Quand ce traité doit-il entrer en vigueur ?
Le traité a été discuté et débattu pendant une vingtaine d'années avant d'être adopté par les pays membres de l'ONU en juin 2023. Toutefois, pour entrer en vigueur, il doit d'abord être ratifié par au moins 60 pays. Après quoi, il faudra attendre 120 jours. Chargée d'organiser la troisième Conférence de l'ONU sur l'océan, la France a mis les bouchées doubles pour atteindre ce seuil et l'annoncer lors de cette Unoc-3.
Le texte a pour l'instant officiellement été ratifié par 31 pays (principalement des Etats européens et du Pacifique) ainsi que l'Union européenne, selon les Nations unies.
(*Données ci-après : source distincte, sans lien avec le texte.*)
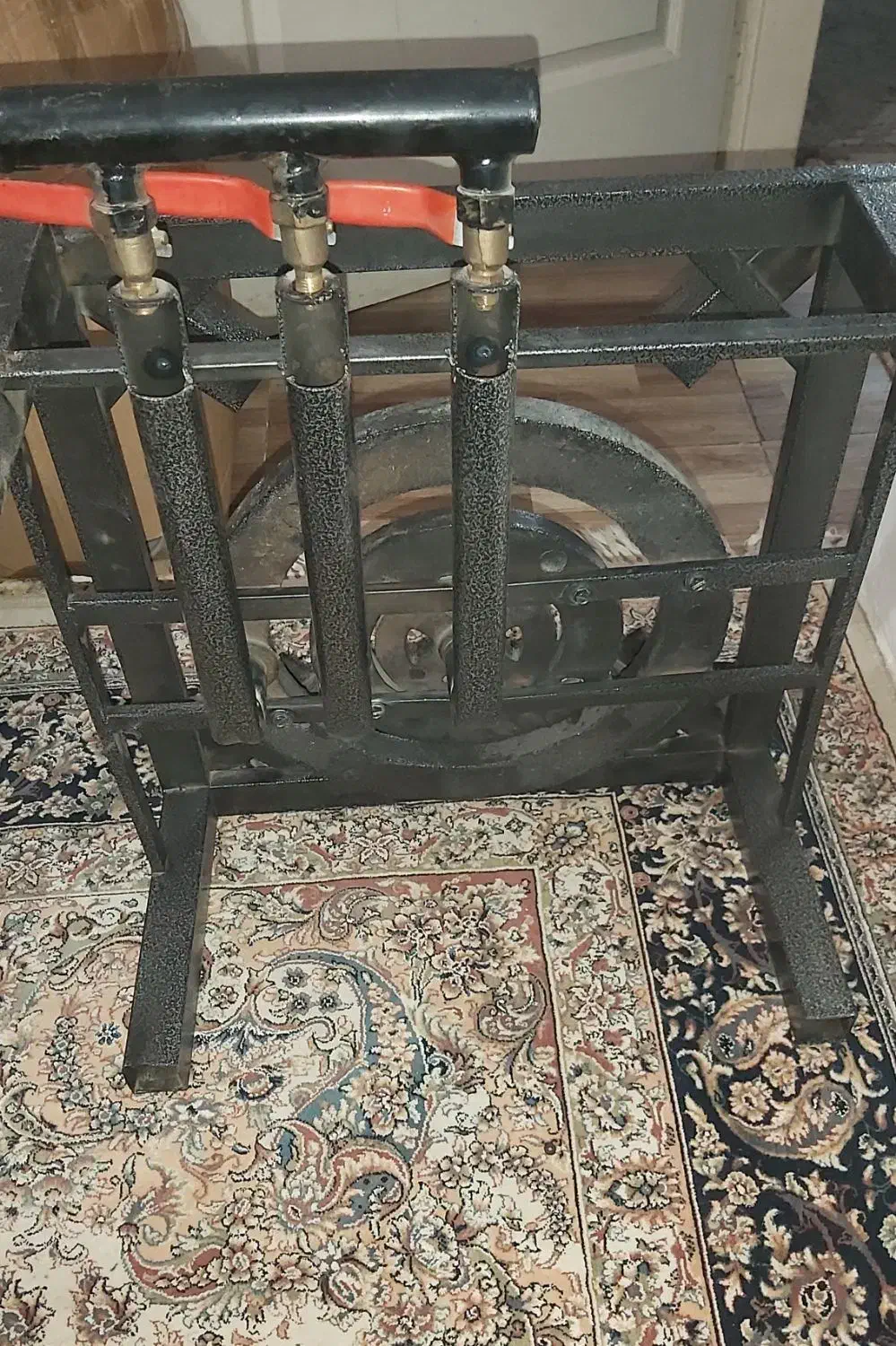 اجاق پروفیلی ۳ شعله نو|اجاق گاز و لوازم برقی پختوپز|محمدشهر, ولدآباد|دیوار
Mais la France, qui coorganise le sommet sur l'océan, a affirmé par la voix du chef de l'Etat qu'une "cinquantaine" de pays l'ont désormais ratifié et que "quinze" autres se sont "engagés à les rejoindre" à l'occasion de l'Unoc 2025. D'où le "c'est donc gagné", lancé lundi matin par un Emmanuel Macron enthousiaste.
L'entourage du ministre de la Francophonie, Thani Mohamed-Soilihi, évoque "des dizaines de coups de fil" pour pousser ses homologues au Vanuatu, aux Seychelles, à Maurice ou à la Dominique, à accélérer la ratification du traité à l'approche du sommet. "Il y a une dynamique extrêmement forte qui a été enclenchée grâce à la mobilisation française", se félicitait, juste avant l'Unoc-3, le ministère de la Transition écologique. "La Convention de Montego Bay de 1982, que le traité sur la haute mer vient compléter, a mis 20 ans pour entrer en vigueur. Il n'y a jamais eu une ratification aussi rapide." Une salle spéciale a été mise à disposition au sein de la zone bleue (cœur des discussions entre les officiels et les délégations à Nice), pour que ces derniers puissent déposer leurs instruments de ratification et finaliser la procédure.
Ce traité sera-t-il suffisant ?
"Pour que le traité soit efficace, il faudra l'adhésion du plus grand nombre d'Etats possible, et nous espérons que d'autres suivront", a insisté Jessica Battle, du WWF. "Ce n'est qu'alors que nous verrons une véritable collaboration internationale pour la santé des océans en haute mer", a-t-elle ajouté. "Il reste encore beaucoup à faire, mais les progrès réalisés aujourd'hui à Nice devraient nous inciter à accélérer l'action", a abondé Ashleigh McGovern, vice-présidente du centre pour les océans de l'ONG Conservation International, lors de la réunion sur le traité.
Encore faut-il que les Etats s'accordent sur des objectifs ambitieux, a pour sa part noté Catherine Weller, directrice de la politique mondiale de l'ONG Fauna and Flora. "Les pays ont enfin cessé de traîner les pieds", s'est-elle réjouie. Mais "il faut maintenant que les pays qui se sont engagés à ratifier finalisent les derniers détails techniques ; ensuite, le vrai travail pourra commencer."